The streets, Mother said, were dangerous for a growing girl. There were attacks, impregnations, thefts. She could make your flesh crawl with her tales. By and by a man came to the house, making enquiries. His name was Mr Hutchinson, and he was called an attendance officer. Mother dodged him for a month; finally she let him in. ‘Are you Mrs Evelyn Axon?’ he asked. He saw Muriel, sitting on a stool in the kitchen. He called her my dear. Mother sneered. Oh dear, my dear, she said, isn’t it a gorgeous little cretin, a muttonhead, an oaf, and is it precisely what you want, sir, for your select conservatoire? Mr Hutchinson had a cardboard file which he stored under his arm. He took a step backwards, away from Mother, holding the file across the breast of his fawn overcoat.

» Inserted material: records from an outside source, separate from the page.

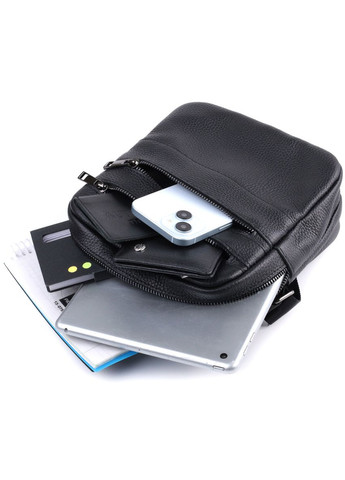 Мужская сумка кросс боди из зернистой натуральной кожи черная мессенджер 22847 Shvigel (329197436)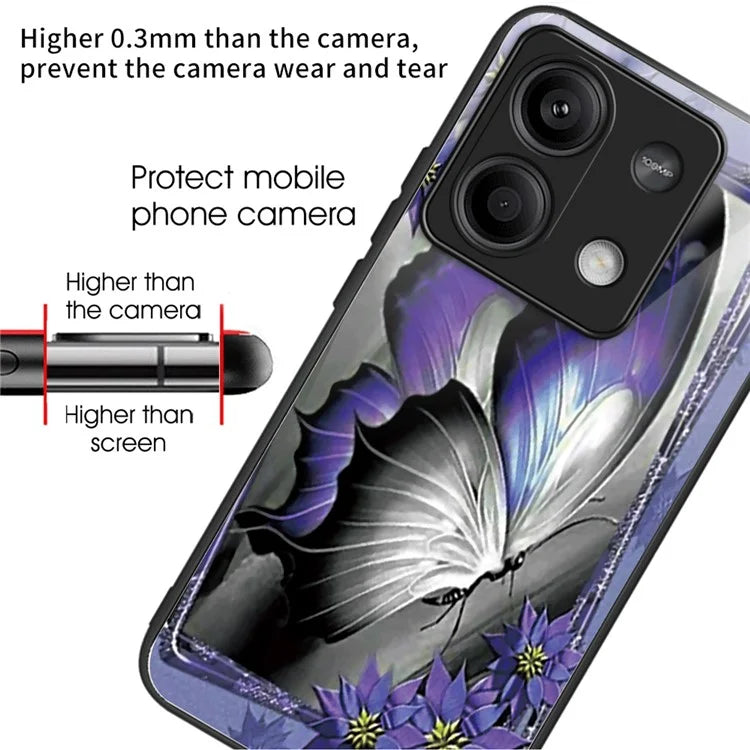 For Xiaomi Redmi Note 13 5G Case Tempered Glass Back TPU Border Phone Cover Print Pattern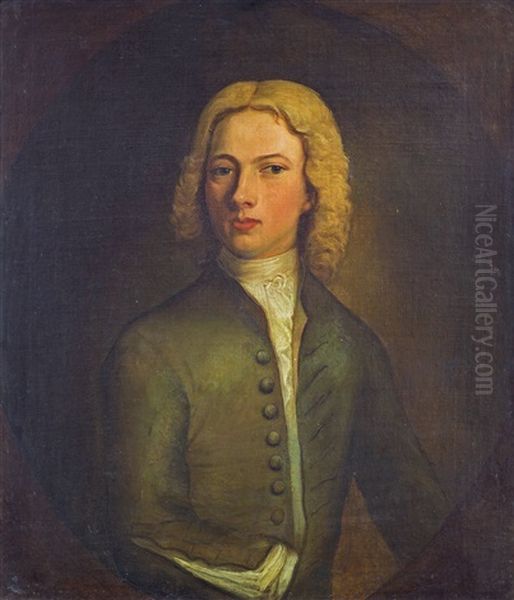 18th Century Portrait Of A Young Man Oil Painting by James Latham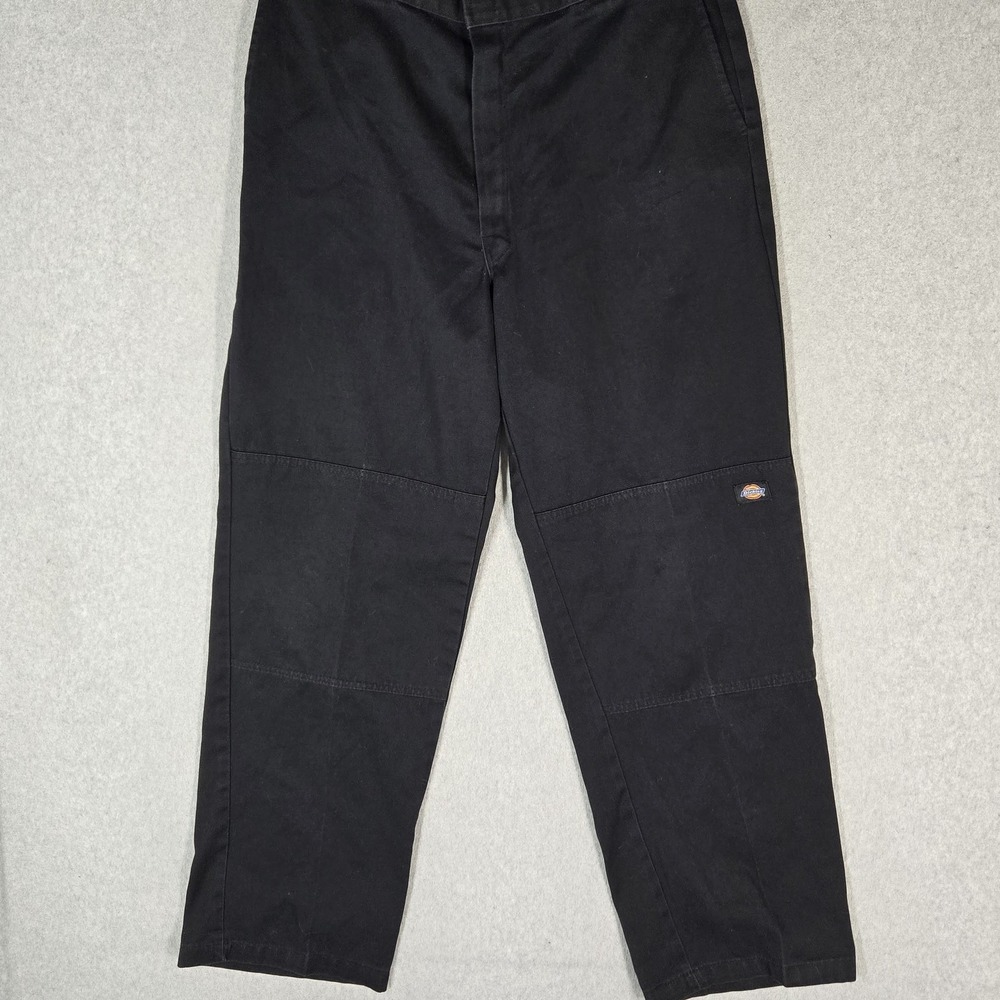 Dickies Men Pants 36X34 Black Double Knee Twill 85283 Logo 32" Inseam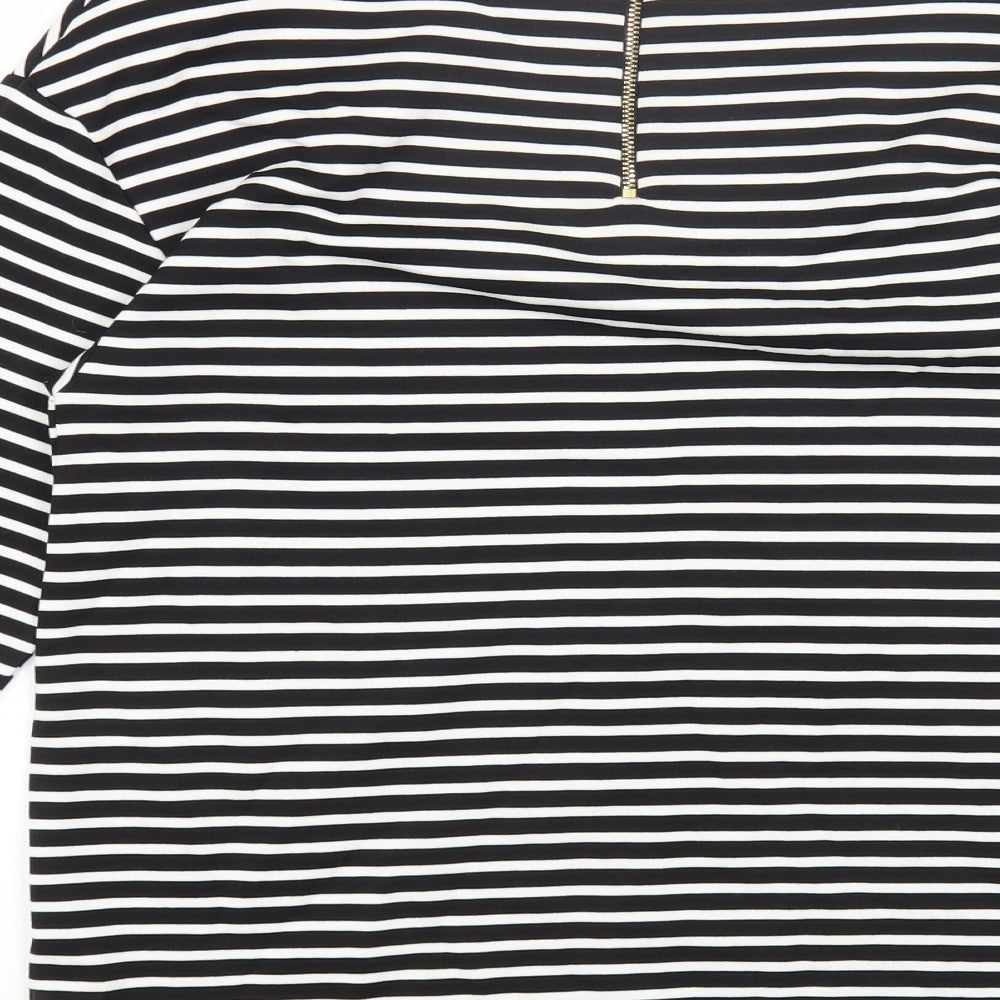 Marks and Spencer Womens Multicoloured Striped Viscose Basic T-Shirt Size 10 Round Neck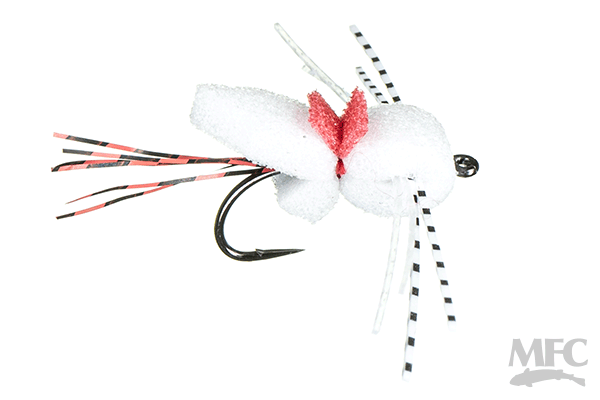 Maddin's Gill Scorpion #10 is a detailed fishing lure with a white foam body, red center, and black striped rubber legs, designed for effective musky fishing tackle.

It brought him up against the door of the lean-to; confused, he turned and fumbled for the handle, and found himself treading in the mulch of old cardboard and newspaper that was always underfoot in winter, breathing in the dank lean-to air. Cobwebs trailed across his glasses. From her stool, Muriel laughed out loud.
After Mr Hutchinson had been retrieved from the lean-to and set on his way out of the front door, Mother had taken her aside and said: stupidity is the better part of valour. Doltishness is the best defence. After that, there had been similar visitors; meeting similar fates, if they got in at all. The Welfare, Mother called them. There had been a time when, just to keep them happy, Mother had let her go in a bus once a week to the handicapped class. She sat with other people in a room, four of them round each table. She cut out shapes in felt and sewed them with great tough stitches onto other felt. She got thin strips of cane and bent them up into baskets; and while she did this she spoke to no one, keeping her lips closed and preserving her eyes behind the thick glasses that the Welfare had got for her. Presently the materials were taken away, and they were given tea and biscuits.